Founded during the colonial era in 1946, as an outgrowth of the African Agricultural Union, and initially affiliated with the French Communist Party,[4] it became the only legal party in the country upon independence in 1960. For the next 30 years, the PDCI and the government were effectively one. Every five years, its founder and leader, Félix Houphouët-Boigny, was automatically elected to a five-year term as president of the republic and confirmed in office via a referendum. At the same time, a single list of PDCI candidates was returned to the National Assembly.
All adult Ivorians were required to be members of the party,[5] which was considered the primary intermediary between the government and the people. Even after opposition parties were legalised in 1990, the PDCI continued to dominate Ivorian politics. At the 1990 elections, Houphouët-Boigny was reelected with an implausible 81 percent of the vote, and the party won all but 12 seats in the legislature.

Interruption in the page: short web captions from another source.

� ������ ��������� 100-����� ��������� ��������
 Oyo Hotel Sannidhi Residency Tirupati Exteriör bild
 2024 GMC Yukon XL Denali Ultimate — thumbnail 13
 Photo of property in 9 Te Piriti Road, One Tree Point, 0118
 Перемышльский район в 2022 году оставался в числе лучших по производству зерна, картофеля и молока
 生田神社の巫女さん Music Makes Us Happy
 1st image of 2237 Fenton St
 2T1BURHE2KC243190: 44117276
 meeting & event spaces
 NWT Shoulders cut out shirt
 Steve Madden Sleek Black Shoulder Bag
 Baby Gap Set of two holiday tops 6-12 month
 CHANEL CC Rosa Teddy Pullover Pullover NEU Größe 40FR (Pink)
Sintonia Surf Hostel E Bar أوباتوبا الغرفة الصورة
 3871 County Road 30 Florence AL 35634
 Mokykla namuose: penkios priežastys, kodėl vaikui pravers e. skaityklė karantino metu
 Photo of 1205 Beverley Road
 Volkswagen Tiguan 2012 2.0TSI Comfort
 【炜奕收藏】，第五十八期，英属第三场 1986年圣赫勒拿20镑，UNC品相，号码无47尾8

Houphouët-Boigny led the party from its formation until his death in 1993. A year later, acting president of the republic Henri Konan Bédié became the party's second leader. He served out Houphouët-Boigny's seventh term, and was elected in his own right in 1995 with over 96 percent of the vote; the opposition parties had boycotted the election in protest of new eligibility requirements that they deemed unfair. The party lost power when Bédié was ousted in a December 1999 coup.
The PDCI announced in early 2000 that it would hold a congress to choose new leadership, and Bédié denounced this as a "putsch";[6] the party decided to retain Bédié in the leadership, however.[7] In August, Bédié and four other PDCI members registered as candidates in the October 2000 presidential election;[8] shortly afterward, Emile Constant Bombet, who had served as Interior Minister under Bédié, defeated Bédié for the PDCI presidential nomination.[9] Bombet and Bédié were both barred from running by the Constitutional Court in early October, and on October 10 Bédié called for a boycott of the election.[10]
Unlike many former single parties in Africa, the PDCI has made a good account of itself since losing power. In the parliamentary election held on 10 December 2000 and 14 January 2001, the party won 94 out of 225 seats.